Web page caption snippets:

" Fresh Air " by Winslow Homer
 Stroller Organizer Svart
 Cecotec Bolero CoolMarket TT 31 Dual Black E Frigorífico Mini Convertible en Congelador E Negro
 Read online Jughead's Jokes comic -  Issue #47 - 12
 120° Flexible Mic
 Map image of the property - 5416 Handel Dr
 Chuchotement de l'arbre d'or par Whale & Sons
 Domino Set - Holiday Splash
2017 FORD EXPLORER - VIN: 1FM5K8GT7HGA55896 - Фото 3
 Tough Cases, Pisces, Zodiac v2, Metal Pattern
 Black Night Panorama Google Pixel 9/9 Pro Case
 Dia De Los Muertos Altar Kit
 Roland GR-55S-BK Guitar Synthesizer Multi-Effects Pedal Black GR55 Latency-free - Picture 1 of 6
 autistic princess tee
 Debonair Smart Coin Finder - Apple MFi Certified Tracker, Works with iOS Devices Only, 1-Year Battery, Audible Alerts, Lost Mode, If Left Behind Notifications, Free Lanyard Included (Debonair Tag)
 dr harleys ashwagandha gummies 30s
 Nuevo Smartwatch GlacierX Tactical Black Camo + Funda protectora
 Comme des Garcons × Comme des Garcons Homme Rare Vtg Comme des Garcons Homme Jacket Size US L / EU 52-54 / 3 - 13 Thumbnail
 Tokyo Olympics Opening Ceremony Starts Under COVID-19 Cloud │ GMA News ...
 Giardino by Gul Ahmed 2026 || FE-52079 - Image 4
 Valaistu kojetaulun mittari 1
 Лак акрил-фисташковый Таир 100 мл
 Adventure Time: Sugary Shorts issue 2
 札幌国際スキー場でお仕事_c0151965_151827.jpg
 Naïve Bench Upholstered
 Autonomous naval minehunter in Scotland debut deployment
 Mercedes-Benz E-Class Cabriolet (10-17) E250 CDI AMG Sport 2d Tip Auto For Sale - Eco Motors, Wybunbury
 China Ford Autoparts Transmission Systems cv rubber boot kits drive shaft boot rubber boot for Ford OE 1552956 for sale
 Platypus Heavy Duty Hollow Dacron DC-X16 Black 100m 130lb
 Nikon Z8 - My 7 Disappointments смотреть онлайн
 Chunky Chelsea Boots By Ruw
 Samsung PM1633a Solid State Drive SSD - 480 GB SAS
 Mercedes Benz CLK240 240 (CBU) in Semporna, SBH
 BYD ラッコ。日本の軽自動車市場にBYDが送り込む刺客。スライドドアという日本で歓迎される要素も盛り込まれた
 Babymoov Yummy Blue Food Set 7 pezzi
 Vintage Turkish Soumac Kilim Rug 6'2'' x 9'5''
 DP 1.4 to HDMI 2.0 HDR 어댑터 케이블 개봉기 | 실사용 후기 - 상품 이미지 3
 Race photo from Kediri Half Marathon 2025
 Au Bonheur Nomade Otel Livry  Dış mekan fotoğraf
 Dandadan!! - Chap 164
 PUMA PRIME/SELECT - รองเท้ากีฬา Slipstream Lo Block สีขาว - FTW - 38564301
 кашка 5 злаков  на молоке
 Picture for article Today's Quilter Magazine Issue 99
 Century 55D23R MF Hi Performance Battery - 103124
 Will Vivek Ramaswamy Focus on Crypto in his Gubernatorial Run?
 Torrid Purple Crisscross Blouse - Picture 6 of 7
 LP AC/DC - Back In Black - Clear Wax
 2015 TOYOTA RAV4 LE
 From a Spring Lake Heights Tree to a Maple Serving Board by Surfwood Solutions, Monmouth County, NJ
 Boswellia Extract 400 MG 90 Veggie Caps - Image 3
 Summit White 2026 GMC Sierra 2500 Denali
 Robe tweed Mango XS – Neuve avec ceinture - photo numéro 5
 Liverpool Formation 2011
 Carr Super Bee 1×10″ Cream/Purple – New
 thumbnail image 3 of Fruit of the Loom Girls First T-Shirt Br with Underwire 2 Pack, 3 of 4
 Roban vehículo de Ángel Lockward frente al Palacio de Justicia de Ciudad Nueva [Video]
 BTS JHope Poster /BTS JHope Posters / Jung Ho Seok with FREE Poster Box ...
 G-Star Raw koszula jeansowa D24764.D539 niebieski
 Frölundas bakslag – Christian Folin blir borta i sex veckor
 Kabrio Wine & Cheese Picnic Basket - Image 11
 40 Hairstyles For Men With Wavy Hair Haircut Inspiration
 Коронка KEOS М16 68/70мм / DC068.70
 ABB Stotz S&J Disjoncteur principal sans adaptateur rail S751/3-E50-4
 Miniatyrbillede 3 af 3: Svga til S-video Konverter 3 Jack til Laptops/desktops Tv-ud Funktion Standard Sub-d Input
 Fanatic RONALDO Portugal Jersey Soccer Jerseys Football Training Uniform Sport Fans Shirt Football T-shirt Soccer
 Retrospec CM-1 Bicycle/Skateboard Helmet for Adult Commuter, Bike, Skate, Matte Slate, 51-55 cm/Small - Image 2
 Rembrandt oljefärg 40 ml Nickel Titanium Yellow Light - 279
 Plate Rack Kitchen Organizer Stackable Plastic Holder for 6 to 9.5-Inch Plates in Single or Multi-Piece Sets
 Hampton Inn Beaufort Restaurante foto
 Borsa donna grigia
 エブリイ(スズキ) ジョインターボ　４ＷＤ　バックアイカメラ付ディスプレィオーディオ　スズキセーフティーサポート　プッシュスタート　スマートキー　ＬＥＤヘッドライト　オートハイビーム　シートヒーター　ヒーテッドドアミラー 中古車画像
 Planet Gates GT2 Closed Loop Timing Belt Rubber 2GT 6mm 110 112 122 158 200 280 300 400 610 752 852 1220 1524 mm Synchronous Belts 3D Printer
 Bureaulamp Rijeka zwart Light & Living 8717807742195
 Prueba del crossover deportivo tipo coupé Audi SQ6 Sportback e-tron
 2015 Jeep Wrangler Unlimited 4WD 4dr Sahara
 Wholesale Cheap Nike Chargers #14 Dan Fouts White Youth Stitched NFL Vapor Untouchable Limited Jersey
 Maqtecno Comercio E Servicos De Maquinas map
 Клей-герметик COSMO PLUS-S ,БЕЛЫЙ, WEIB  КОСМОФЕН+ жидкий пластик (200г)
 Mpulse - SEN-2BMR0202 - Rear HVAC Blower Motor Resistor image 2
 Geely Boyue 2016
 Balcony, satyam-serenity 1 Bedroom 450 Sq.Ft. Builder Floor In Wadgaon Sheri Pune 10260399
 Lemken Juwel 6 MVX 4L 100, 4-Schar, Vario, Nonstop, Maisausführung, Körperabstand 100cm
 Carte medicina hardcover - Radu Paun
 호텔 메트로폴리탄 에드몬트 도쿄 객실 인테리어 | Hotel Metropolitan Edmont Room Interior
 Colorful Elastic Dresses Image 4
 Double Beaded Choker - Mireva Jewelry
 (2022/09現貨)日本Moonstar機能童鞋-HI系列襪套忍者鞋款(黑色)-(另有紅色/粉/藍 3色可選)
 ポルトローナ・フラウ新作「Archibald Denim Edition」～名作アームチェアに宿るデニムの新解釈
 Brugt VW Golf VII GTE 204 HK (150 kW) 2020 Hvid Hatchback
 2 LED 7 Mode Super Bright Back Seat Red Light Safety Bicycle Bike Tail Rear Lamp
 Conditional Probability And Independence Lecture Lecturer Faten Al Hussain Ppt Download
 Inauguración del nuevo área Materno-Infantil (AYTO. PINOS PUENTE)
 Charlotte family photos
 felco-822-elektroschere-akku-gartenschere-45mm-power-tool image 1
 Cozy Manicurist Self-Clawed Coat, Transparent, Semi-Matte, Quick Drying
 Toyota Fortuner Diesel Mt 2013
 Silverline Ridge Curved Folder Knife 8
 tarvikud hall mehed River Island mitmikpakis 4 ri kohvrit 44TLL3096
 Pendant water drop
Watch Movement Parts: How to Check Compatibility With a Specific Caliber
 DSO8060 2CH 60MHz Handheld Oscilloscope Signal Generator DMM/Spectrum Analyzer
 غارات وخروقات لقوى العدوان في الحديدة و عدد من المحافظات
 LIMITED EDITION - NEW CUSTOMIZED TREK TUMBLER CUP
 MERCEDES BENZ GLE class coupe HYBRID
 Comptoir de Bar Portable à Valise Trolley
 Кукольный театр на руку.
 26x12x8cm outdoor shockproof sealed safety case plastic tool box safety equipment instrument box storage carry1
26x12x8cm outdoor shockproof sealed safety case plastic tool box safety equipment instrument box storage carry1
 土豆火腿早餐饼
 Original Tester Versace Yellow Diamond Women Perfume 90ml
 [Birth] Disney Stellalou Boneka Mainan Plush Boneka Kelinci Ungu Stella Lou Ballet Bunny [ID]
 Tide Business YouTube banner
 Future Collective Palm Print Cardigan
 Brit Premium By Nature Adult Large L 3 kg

| What you have to do |
When you reach the line containing "Hampton Inn Beaufort Restaurante foto" in the data above, start copying exactly, and stop after the line containing "Geely Boyue 2016".

| Solution to this problem |
 Hampton Inn Beaufort Restaurante foto
 Borsa donna grigia
 エブリイ(スズキ) ジョインターボ　４ＷＤ　バックアイカメラ付ディスプレィオーディオ　スズキセーフティーサポート　プッシュスタート　スマートキー　ＬＥＤヘッドライト　オートハイビーム　シートヒーター　ヒーテッドドアミラー 中古車画像
 Planet Gates GT2 Closed Loop Timing Belt Rubber 2GT 6mm 110 112 122 158 200 280 300 400 610 752 852 1220 1524 mm Synchronous Belts 3D Printer
 Bureaulamp Rijeka zwart Light & Living 8717807742195
 Prueba del crossover deportivo tipo coupé Audi SQ6 Sportback e-tron
 2015 Jeep Wrangler Unlimited 4WD 4dr Sahara
 Wholesale Cheap Nike Chargers #14 Dan Fouts White Youth Stitched NFL Vapor Untouchable Limited Jersey
 Maqtecno Comercio E Servicos De Maquinas map
 Клей-герметик COSMO PLUS-S ,БЕЛЫЙ, WEIB  КОСМОФЕН+ жидкий пластик (200г)
 Mpulse - SEN-2BMR0202 - Rear HVAC Blower Motor Resistor image 2
 Geely Boyue 2016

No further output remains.